When my nephew started college, he told me he overheard a peer say, “The professor insists that we call her doctor, but she doesn’t even wear a white coat. I don’t get it.” While I didn’t have the chance to help this student get it, I do have the chance to help you. It may seem like a small, insignificant detail, but trust me: it is worth getting this right.
I have received too many inappropriate emails from students. I don’t think most students mean any disrespect, but not knowing proper greetings has made for some uncomfortable electronic communication. I have gotten emails from students, that begin with “Hey Sarah” or even worse, have no greeting at all. Hopefully this explanation will help you develop a positive professional relationship with your college professors by avoiding some common communication blunders.
I understand that, probably, most of the teachers you’ve had throughout your pre-college education have been women that you called Mrs. Last Name. Because that was her name. You likely also called male teachers Mr. Last Name. However, the people who teach you in college hold, more often than not, doctorates in their fields of study. I will give you the benefit of the doubt here. Maybe you don’t know how people become college professors or that you are expected to call them something different. I think it is worth explaining, and important for you to know who is teaching you.
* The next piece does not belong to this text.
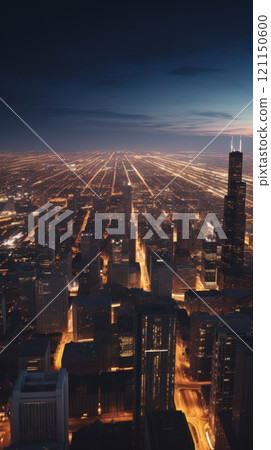 Cityscape of chicago at dusk with lights from the skyline. Generative AI 121150600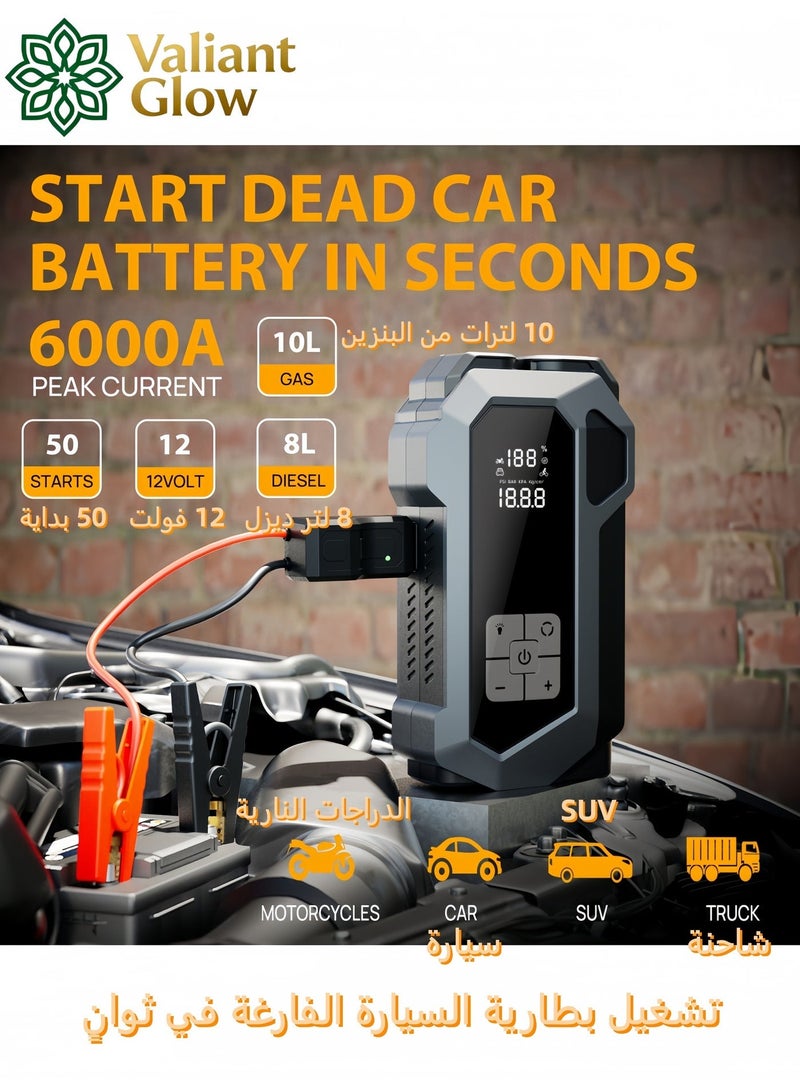 Valiant Glow Emergency Jump Starter Tire Inflator (6000A) | 8000mAh High-Capacity Battery | Dual USB Outputs | Supports 10L Gasoline/8L Diesel Vehicles | 150PSI Fast Inflator | 10-Fold Safety Protection System | LED 3-in-1 Emergency Lighting - Image 3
When In Doubt, “Professor” is a Safe Bet
You can look up the data for your own university – usually on the “fast facts” section of the school’s webpage—to find out how many professors on your campus have Ph.D. degrees. At my university, where we have over 750 teaching faculty, 80% have terminal (also known as doctoral) degrees. If you are taking five classes, statistically, at least four of your professors will have a Ph.D. and should be addressed as Dr. or Professor unless they tell you otherwise. And they might tell you otherwise. Some faculty members are very straightforward and will let you know what to call them, many prefer to go by their first names. Others are not so clear. I admit to being one of them, in part because I don’t always know what I want to be called. For me, it depends on the relationship I have with students. In small, upper level classes, I don’t mind going by my first name. But in large lecture classes where I can’t possibly know everyone’s name, much less be on a first-name basis, I prefer to be addressed by a more formal title—Dr. or Professor.
What about Mr. or Mrs?
You might be wondering—isn’t “Mr.” or “Mrs.” a more formal title than a first name? Technically, yes. But this formality is complicated by gender. As Deborah Tannen writes, “Women can’t even fill out a form without telling stories about themselves.” Whichever box a woman checks reveals her relationship to a man or something about her values. For men, selecting “Mr.” does not indicate anything other than that they identify as male; it says nothing about his relationship to a woman or whether he has more conservative or liberal values. The titles Miss and Mrs. indicate a woman’s marital status. “Miss So-and-So” is typically a single (read: available) woman while “Mrs. So-and-So” is not only married, but also chooses to be identified by her husband’s name. “Ms. So-and-So” does not indicate a woman’s marital status, but as Tannen suggests, it does “mark her as either liberated or rebellious, depending on the attitudes and assumptions of the one making the judgment.” The context in which you email your professors is a professional work context; their marital status matters not.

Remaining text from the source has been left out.